E’ ovvio che bisogna scrollare dalla filosofia medievale Giapponese alcuni anacronismi, per produrre una nuova filosofia sportiva, attualizzata all’epoca e alla cultura occidentale. Il modello a cui faccio riferimento nasce in una palestra perugina, dove un gruppo di amanti di questa arte, ha continuato una tradizione decennale introdotta dall’Oriente. Questo a permesso di mitigare gli anacronismi, svecchiandoli e snellendoli. Non si deve credere che questa sia una realtà assoluta, ma semplicemente una realtà vissuta. Gli atleti divenuti maestri per generazioni, si sono tramandati gli insegnamenti creando un rapporto particolare tra uno sport individuale come questo e il gruppo. L’onore e il rispetto si sono proposti in un nuovo ambito, privo di differenze sociali, legate al servilismo medievale, ma si sono proiettati sull’atleta, l’avversario e il gruppo, inserendo un nuovo elemento al dualismo storico di chi combatte.

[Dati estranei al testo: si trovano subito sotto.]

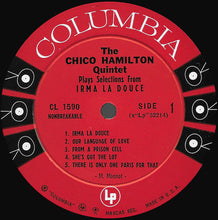 Load image into Gallery viewer, The Chico Hamilton Quintet : Bye Bye Birdie - Irma La Douce (LP, Album, Mono)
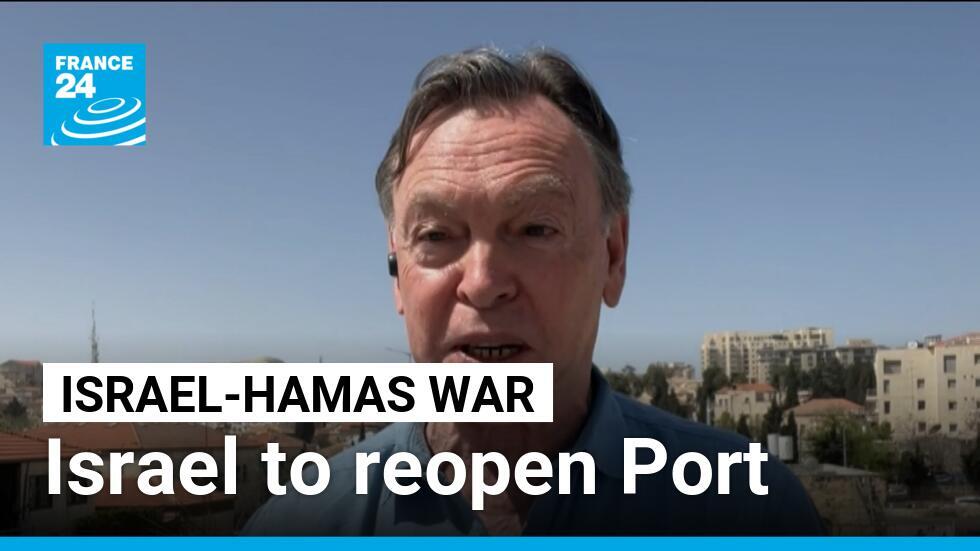 Israel says to reopen border crossing with hard-hit northern Gaza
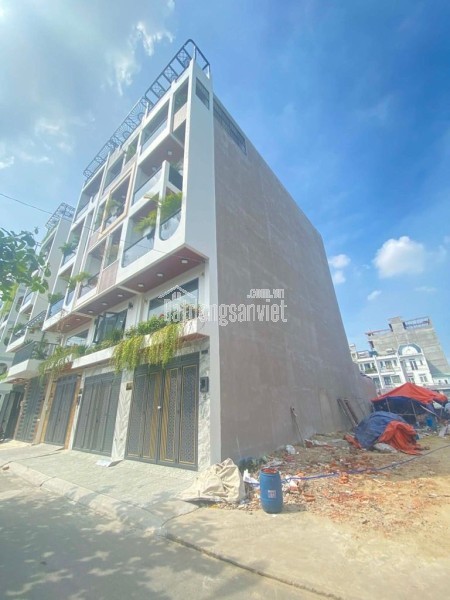 Bán đất thổ cư 100m² Tô Ký Q.12, Trung Mỹ Tây. Sổ Đỏ, hướng ĐN,nhỉnh 5 tỷ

Il maestro (Sen Sei) acquista in questo contesto un ruolo di padre sportivo, che media virtualmente con il gruppo dagli allenamenti ai risultati la vita dell’atleta. Come il padre ripone nel figlio stesso le sue speranze, così il Sen Sei trasla sul SUO atleta il suo Ki (mente, intesa come pensiero). Facendo si che tramite l’allievo continui la figliolanza di quest’arte. Naturalmente questo genera nei due sensi un’empatia tale da trascendere il rapporto personale. Pertanto all’interno del Tatami (quadrato di allenamento) l’onore del maestro è preservato e conservato dall’allievo, dalle sue azioni non solo sportive, ma comportamentali in toto. A dimostrazione che non serve per sopravvivere, ma il Karate serve alla vita. Qui si inserisce il rispetto verso il tatami, l’avversario il maestro e il gruppo. Non potendo tralasciare nulla al caso l’allievo dimostra con il rispetto la sua appartenenza al gruppo, che è il generatore di questo codice non scritto. Ma a sua volta diventa maestro, inteso come esempio, per i giovani neofiti o per le cinture inferiori.

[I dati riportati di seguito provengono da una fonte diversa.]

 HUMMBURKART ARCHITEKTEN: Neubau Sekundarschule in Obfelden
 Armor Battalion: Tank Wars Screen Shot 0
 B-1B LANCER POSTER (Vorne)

Il maestro non esce da questo circolo, creando il giusto rapporto con il suo allievo; trasferendo su di lui la speranza che sia il continuatore del suo Ki e tramite il corpo dell’allievo del suo Ai; fondando una scuola di pensiero, poi di vita e infine sportiva. A questo punto i rapporti al di fuori del Tatami, si trasformano inevitabilmente, dando origine ad una amicizia basata sul rispetto, che non vuol dire formalismo, tutt’altro!! E’ un amicizia dove entrambe le parti possono contare senza sconti alcuni sulla contro parte, perché disinteressata. Ma il gruppo? Il gruppo rappresenta per trasposizione il maestro o l’allievo. Il fallimento dell’uno o dell’altro corrisponde al fallimento del tutto. Il singolo viene assorbito dal gruppo senza perdere la sua identità nel rispetto di quella degli altri. Bisogna pertanto far si che le parti scendano ad un compromesso che moduli le personalità. Chiunque voglia imporre la sua, viene automaticamente escluso dal gruppo per difesa dell’identità globale. L’identità globale rappresenta il codice d’onore non scritto che chiude il cerchio.
Ognuno è maestro e allievo a secondo del momento, sempre nel rispetto del codice d’onore proposto dal gruppo.